Watermarking PRFs against Quantum Adversaries

TL;DR

This paper introduces the concept of watermarking pseudorandom functions (PRFs) resilient against quantum attacks, proposing constructions based on quantum hardness assumptions and developing quantum extraction techniques.

Contribution

It defines secure quantum watermarking PRFs and provides two constructions, one privately extractable and one publicly extractable, using quantum hardness assumptions and indistinguishability obfuscation.

Findings

Constructed privately extractable watermarking PRF from quantum LWE

Developed publicly extractable watermarking PRF using IO and quantum LWE

Introduced quantum extraction technique for information retrieval from quantum states

Abstract

We initiate the study of software watermarking against quantum adversaries.

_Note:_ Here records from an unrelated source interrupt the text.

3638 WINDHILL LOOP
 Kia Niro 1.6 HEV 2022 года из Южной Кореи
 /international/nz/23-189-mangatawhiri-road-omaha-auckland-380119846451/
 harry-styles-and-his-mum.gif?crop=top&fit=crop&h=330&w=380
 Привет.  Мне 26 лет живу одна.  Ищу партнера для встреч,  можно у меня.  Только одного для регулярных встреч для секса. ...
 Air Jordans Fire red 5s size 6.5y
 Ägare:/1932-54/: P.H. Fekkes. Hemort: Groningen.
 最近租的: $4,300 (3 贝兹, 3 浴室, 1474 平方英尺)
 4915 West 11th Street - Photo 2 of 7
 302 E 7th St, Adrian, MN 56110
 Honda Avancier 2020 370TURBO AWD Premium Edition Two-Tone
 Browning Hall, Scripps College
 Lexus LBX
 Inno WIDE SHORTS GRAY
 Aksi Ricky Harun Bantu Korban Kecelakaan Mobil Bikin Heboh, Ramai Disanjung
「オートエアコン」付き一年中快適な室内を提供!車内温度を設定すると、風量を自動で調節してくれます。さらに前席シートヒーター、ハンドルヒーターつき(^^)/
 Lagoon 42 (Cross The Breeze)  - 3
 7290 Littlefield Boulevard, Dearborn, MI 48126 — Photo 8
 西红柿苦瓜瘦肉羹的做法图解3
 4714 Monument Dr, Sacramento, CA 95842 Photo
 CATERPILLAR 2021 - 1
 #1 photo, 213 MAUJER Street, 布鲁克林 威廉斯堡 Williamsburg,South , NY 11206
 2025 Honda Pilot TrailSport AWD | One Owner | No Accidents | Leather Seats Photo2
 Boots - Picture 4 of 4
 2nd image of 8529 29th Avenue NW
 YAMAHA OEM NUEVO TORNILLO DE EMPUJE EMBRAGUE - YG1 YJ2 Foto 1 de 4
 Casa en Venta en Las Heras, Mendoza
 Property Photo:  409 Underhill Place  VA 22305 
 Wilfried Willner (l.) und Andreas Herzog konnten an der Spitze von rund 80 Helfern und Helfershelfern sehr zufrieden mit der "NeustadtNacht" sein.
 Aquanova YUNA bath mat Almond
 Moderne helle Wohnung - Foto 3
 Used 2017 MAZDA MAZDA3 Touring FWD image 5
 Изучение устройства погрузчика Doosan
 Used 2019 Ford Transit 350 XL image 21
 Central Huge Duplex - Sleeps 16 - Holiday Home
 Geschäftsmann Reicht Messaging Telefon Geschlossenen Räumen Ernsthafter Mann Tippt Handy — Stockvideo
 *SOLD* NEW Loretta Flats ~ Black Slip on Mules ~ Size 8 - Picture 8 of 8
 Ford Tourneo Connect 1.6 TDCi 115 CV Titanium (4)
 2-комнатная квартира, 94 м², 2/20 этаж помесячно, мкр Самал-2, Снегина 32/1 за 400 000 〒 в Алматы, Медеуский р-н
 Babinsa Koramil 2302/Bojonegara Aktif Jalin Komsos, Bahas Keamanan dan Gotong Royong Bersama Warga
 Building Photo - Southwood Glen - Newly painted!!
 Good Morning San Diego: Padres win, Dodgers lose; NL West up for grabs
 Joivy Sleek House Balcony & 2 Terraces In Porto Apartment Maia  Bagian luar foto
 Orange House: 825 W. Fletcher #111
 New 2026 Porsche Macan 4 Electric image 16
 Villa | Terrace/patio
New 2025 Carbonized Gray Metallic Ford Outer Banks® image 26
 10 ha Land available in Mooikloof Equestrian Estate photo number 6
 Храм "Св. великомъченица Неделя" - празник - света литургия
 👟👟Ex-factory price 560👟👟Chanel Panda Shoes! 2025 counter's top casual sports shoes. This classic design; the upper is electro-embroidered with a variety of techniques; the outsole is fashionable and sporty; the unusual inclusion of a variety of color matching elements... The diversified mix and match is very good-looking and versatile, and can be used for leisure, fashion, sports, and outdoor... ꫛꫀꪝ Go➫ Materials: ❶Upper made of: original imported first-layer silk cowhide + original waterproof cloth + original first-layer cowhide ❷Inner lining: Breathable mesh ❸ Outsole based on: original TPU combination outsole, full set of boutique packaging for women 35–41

A quantum adversary generates a quantum state as a pirate software that potentially removes an embedded message from a classical marked software. Extracting an embedded message from quantum pirate software is difficult since measurement could irreversibly alter the quantum state. In this work, we define secure watermarking PRFs for quantum adversaries (unremovability against quantum adversaries). We also present two watermarking PRFs as follows. - We construct a privately extractable watermarking PRF against quantum adversaries from the quantum hardness of the learning with errors (LWE) problem. The marking and extraction algorithms use a public parameter and a private extraction key, respectively. The watermarking PRF is unremovable even if adversaries have (the public parameter and) access to the extraction oracle, which returns a result of extraction for a queried quantum circuit. - We construct a publicly extractable watermarking PRF against quantum adversaries from indistinguishability obfuscation (IO) and the quantum hardness of the LWE problem. The marking and extraction algorithms use a public parameter and a public extraction key, respectively. The watermarking PRF is unremovable even if adversaries have the extraction key (and the public parameter). We develop a quantum extraction technique to extract information (a classical string) from a quantum state without destroying the state too much. We also introduce the notion of extraction-less watermarking PRFs as a crucial building block to achieve the results above by combining the tool with our quantum extraction technique.